Record excerpts:
________________________________________

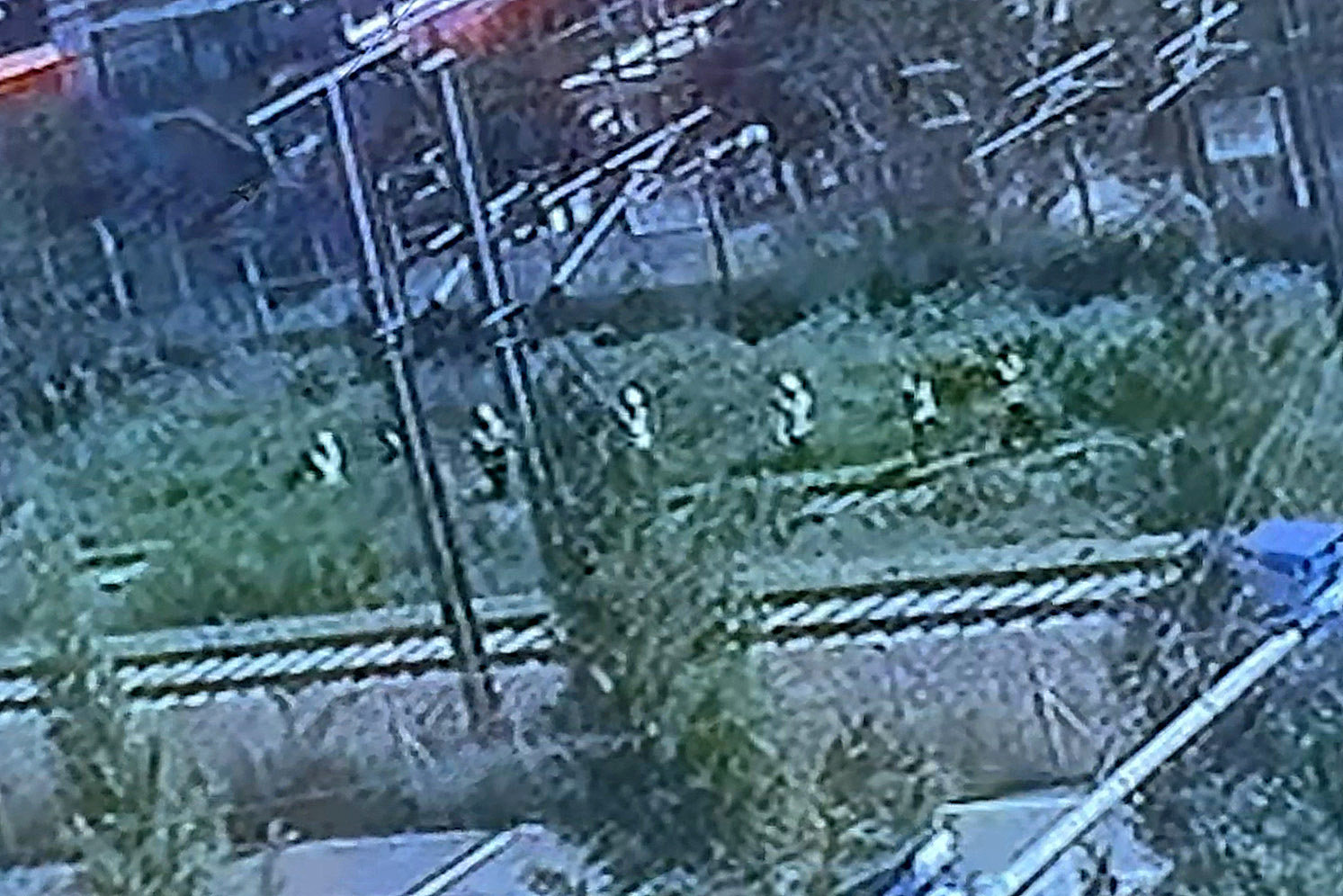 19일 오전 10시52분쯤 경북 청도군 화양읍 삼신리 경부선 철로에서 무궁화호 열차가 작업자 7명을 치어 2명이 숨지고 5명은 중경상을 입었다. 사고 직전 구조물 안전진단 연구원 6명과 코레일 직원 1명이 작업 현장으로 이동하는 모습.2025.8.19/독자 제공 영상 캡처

________________________________________

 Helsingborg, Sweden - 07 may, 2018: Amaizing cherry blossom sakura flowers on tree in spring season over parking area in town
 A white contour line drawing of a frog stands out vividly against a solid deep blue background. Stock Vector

________________________________________

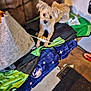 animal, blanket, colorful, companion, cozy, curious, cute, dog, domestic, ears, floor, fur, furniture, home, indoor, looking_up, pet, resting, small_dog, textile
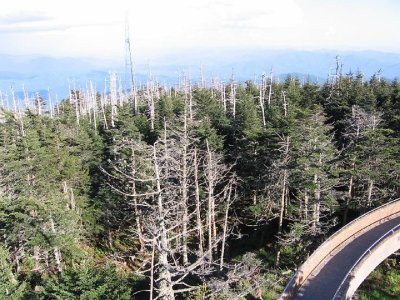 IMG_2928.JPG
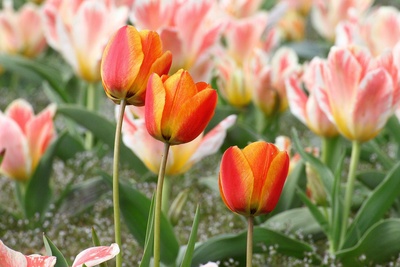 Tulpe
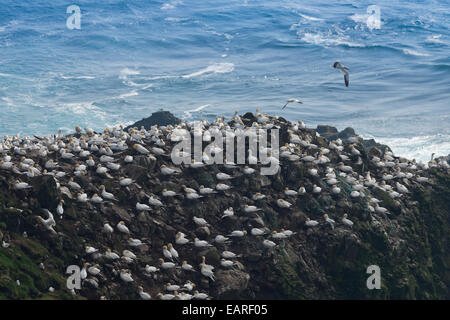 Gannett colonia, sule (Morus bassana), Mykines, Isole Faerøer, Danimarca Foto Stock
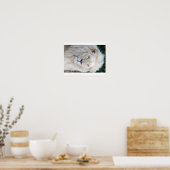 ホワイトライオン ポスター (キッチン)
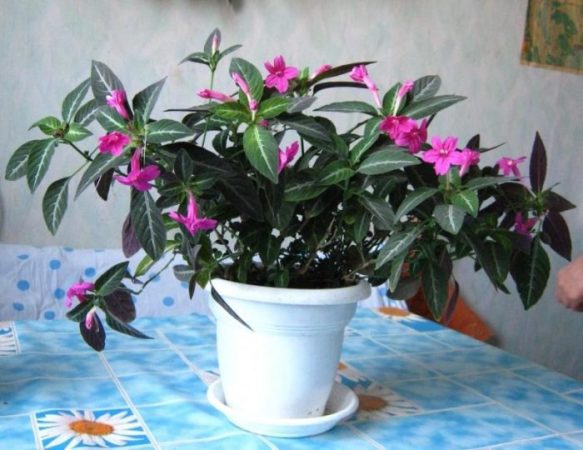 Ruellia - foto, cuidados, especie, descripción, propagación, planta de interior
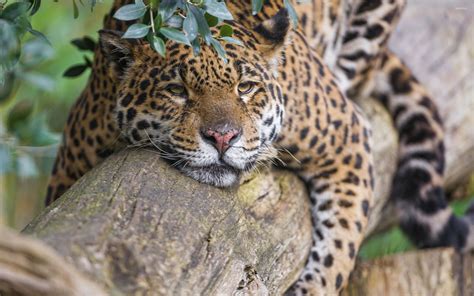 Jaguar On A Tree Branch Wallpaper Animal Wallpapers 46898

________________________________________

Assigned task: Starting from the line with "IMG_2928.JPG" in the records above, repeat each line exactly until you have written the line with "Jaguar On A", then stop; drop the pictures.

Result:
 IMG_2928.JPG
 Tulpe
 Gannett colonia, sule (Morus bassana), Mykines, Isole Faerøer, Danimarca Foto Stock
 ホワイトライオン ポスター (キッチン)
 Ruellia - foto, cuidados, especie, descripción, propagación, planta de interior
 Jaguar On A Tree Branch Wallpaper Animal Wallpapers 46898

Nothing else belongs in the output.